WHAT YOU SHOULD DO => What you return must match every record word for word.

*** Opening THE DATA ***

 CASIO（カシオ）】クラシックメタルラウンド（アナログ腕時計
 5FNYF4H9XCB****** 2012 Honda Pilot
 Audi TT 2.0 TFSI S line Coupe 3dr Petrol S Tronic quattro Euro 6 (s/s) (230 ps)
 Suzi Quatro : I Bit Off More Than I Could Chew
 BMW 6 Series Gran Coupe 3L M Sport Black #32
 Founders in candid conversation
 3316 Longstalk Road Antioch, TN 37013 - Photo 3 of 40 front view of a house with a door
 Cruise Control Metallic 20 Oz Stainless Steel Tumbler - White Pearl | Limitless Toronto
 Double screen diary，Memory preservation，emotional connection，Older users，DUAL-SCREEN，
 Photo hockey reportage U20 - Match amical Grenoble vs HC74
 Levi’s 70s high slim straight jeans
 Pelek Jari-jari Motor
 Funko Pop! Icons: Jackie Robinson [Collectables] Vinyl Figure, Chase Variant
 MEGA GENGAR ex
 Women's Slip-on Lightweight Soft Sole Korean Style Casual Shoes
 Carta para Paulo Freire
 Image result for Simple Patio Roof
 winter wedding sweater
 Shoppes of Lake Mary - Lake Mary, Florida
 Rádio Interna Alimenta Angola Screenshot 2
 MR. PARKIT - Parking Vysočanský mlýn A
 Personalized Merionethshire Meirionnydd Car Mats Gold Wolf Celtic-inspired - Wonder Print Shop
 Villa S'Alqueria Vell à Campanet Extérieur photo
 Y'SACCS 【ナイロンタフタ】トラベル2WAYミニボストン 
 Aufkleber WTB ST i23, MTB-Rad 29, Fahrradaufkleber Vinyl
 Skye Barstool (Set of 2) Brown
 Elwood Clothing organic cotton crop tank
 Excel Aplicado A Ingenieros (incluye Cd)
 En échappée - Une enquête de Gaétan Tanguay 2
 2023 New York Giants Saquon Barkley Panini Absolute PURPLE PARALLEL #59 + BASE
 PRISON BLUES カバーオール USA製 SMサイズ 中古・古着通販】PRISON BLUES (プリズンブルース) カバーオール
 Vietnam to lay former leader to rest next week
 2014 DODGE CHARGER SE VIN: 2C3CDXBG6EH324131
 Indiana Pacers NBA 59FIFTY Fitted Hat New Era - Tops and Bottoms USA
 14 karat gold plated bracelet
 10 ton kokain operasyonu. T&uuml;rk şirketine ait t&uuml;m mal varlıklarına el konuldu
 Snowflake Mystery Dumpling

*** Closing THE DATA ***

ANSWER TO THE PROBLEM =>
 CASIO（カシオ）】クラシックメタルラウンド（アナログ腕時計
 5FNYF4H9XCB****** 2012 Honda Pilot
 Audi TT 2.0 TFSI S line Coupe 3dr Petrol S Tronic quattro Euro 6 (s/s) (230 ps)
 Suzi Quatro : I Bit Off More Than I Could Chew
 BMW 6 Series Gran Coupe 3L M Sport Black #32
 Founders in candid conversation
 3316 Longstalk Road Antioch, TN 37013 - Photo 3 of 40 front view of a house with a door
 Cruise Control Metallic 20 Oz Stainless Steel Tumbler - White Pearl | Limitless Toronto
 Double screen diary，Memory preservation，emotional connection，Older users，DUAL-SCREEN，
 Photo hockey reportage U20 - Match amical Grenoble vs HC74
 Levi’s 70s high slim straight jeans
 Pelek Jari-jari Motor
 Funko Pop! Icons: Jackie Robinson [Collectables] Vinyl Figure, Chase Variant
 MEGA GENGAR ex
 Women's Slip-on Lightweight Soft Sole Korean Style Casual Shoes
 Carta para Paulo Freire
 Image result for Simple Patio Roof
 winter wedding sweater
 Shoppes of Lake Mary - Lake Mary, Florida
 Rádio Interna Alimenta Angola Screenshot 2
 MR. PARKIT - Parking Vysočanský mlýn A
 Personalized Merionethshire Meirionnydd Car Mats Gold Wolf Celtic-inspired - Wonder Print Shop
 Villa S'Alqueria Vell à Campanet Extérieur photo
 Y'SACCS 【ナイロンタフタ】トラベル2WAYミニボストン 
 Aufkleber WTB ST i23, MTB-Rad 29, Fahrradaufkleber Vinyl
 Skye Barstool (Set of 2) Brown
 Elwood Clothing organic cotton crop tank
 Excel Aplicado A Ingenieros (incluye Cd)
 En échappée - Une enquête de Gaétan Tanguay 2
 2023 New York Giants Saquon Barkley Panini Absolute PURPLE PARALLEL #59 + BASE
 PRISON BLUES カバーオール USA製 SMサイズ 中古・古着通販】PRISON BLUES (プリズンブルース) カバーオール
 Vietnam to lay former leader to rest next week
 2014 DODGE CHARGER SE VIN: 2C3CDXBG6EH324131
 Indiana Pacers NBA 59FIFTY Fitted Hat New Era - Tops and Bottoms USA
 14 karat gold plated bracelet
 10 ton kokain operasyonu. T&uuml;rk şirketine ait t&uuml;m mal varlıklarına el konuldu
 Snowflake Mystery Dumpling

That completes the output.